What can AI do in our practice? The good news: AI is not the end of the architect, but it redraws the boundaries of the work.

There are, however, shared principles. From early systems to today’s deep learning, AI encompasses any method that allows machines to learn patterns and make predictions. All AI systems are built on a central concept: a computer model is fed data (known as a training set) to teach it to perform specific tasks such as recognizing images, understanding language, or making predictions.

Through exposure to data, the system “learns,” often achieving results that surpass human-designed rules. Yet the inner workings of many modern models are highly complex and not easily interpretable. Even their creators may struggle to fully understand how specific decisions are made, leading to the notion of AI’s “black box” functioning.

At the Senseable City Lab, we began using AI systems several years ago, particularly in the form of deep-learning, which allowed us to process visual information at scale. Today, the city is recorded continuously, from satellites, sensors, and tools like Google Street View. We started training deep-learning systems to segment urban scenes and identify different elements: trees, people, materials, and more. We called this Urban Visual Intelligence. What once took teams of researchers weeks can now be done in minutes.

We started with trees. Our Treepedia project applied AI to detect and map urban greenery in cities worldwide. Using data from Google Street View, by simply quantifying green pixels we taught the system to infer what was most likely urban greenery (trees, bushes, grass) across large swaths of global cities. By analyzing canopy cover and making it publicly accessible through online maps, Treepedia became a tool for residents to advocate for more equitable green space; a reminder that data can serve civic purposes.

As AI models advanced, we have extended our work on urban greenery to identify individual trees in the city, using thermal imagery to assess how different tree species contribute to cooling down our cities, or to demonstrate how residents of cities in diverse climatic areas of the world value nature differently.

We then turned to study how people use public spaces, following a line of research pioneered by urbanist William H. Whyte in the 1970s and 1980s. Whyte, who filmed plazas and parks in New York, was fascinated by where people chose to sit, how they navigated space, and what drew them together.

We started training deep-learning systems to segment urban scenes and identify different elements: trees, people, materials, and more. We called this Urban Visual Intelligence. What once took teams of researchers weeks can now be done in minutes.

His findings, documented in The Social Life of Small Urban Spaces (1980), were often beautifully simple: “What attracts people most, it would appear, is other people.” From his footage, Whyte derived data-backed recommendations: seats should be “two human backsides deep,” and movable chairs should allow people to chase sun or shade. His analysis helped save New York spaces such as Bryant Park and shaped our modern approach to people-centered design.

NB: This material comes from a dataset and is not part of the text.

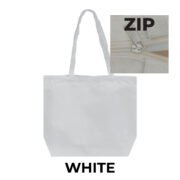 CV09Z Canvas Bag - 45 x 35 + 15 CM (ZIP) - Image 6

Whyte’s experiments were revelatory but hard to replicate. Analyzing the footage frame by frame took a team of assistants months. Now, that challenge has finally been overcome through deep learning. Our team digitized Whyte’s original footage and compared it with recent videos–of Bryant Park, the steps of the Met Museum in New York, Boston’s Downtown Crossing, and Philadelphia’s Chestnut Street. We trained an AI model to analyze both sets of footage, tracking hundreds of people at once. What took Whyte months now takes minutes.

We discovered that people’s behavior in cities has changed significantly between 1970 and 2010. As we discuss in a recent paper in the Proceedings of the National Academy of Sciences, walking speeds in these U.S. cities have increased by 15%. People stand still less often. Dyads (pairs meeting and then walking together) have declined. Downtown Crossing in Boston, once lively and social, has become a pass-through. Even in Manhattan’s Bryant Park, improved according to Whyte’s vision, the number of social interactions has fallen. Cities have not emptied, but a part of their essence has thinned. Only with AI could this level of visual evidence be read at scale.

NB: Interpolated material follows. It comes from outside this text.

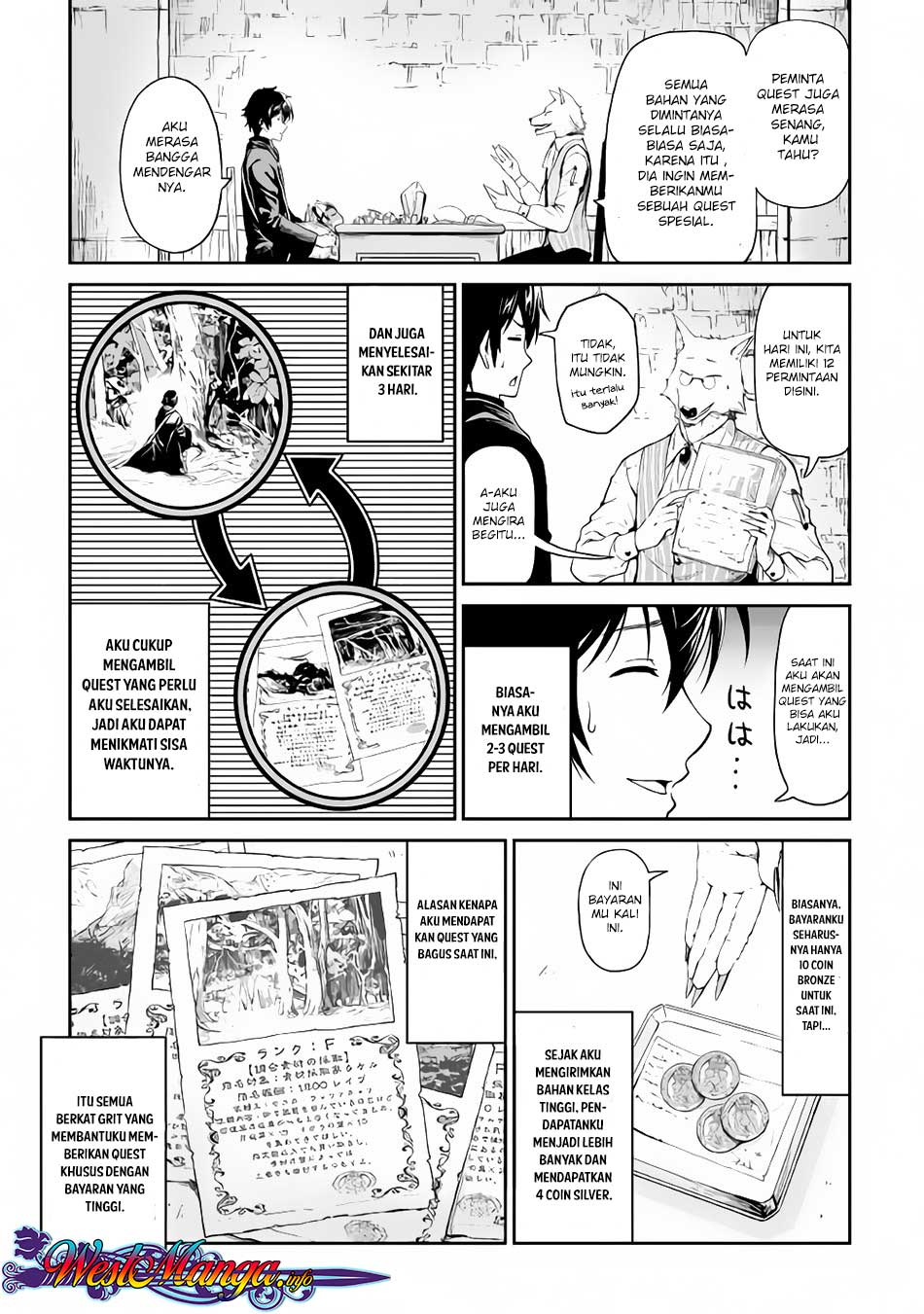 Sozai Saishuka no Isekai Ryokouki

Turning to the present, large language models (LLMs) such as ChatGPT extend AI beyond vision and into language. Trained on vast amounts of human text, they can generate plausible, although sometimes hallucinatory, answers to almost any query.

Their energy use and scale are enormous, but so is their reach: they are becoming general-purpose tools. They can initiate writing a paper, perform extensive prior-art searches, and generate synthetic images.

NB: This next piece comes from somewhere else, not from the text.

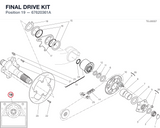 FINAL DRIVE KIT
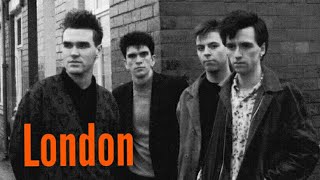 London - The Smiths | Lyrics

This latter possibility is now common in most design offices, where LLMs help gather ideas and generate initial sketches. We do the same at CRA-Carlo Ratti Associati. A few years ago, an architect seeking inspiration for a house beside a waterfall might have searched online and found Frank Lloyd Wright’s Fallingwater alongside a handful of precedents. The designer would have synthesized those references into an idea.

Today, LLMs can do the same, but at scale. They have been pre-trained on tens of millions of images. They can sift through millions of references in seconds, producing synthetic outputs that offer a starting point for conversation and experimentation.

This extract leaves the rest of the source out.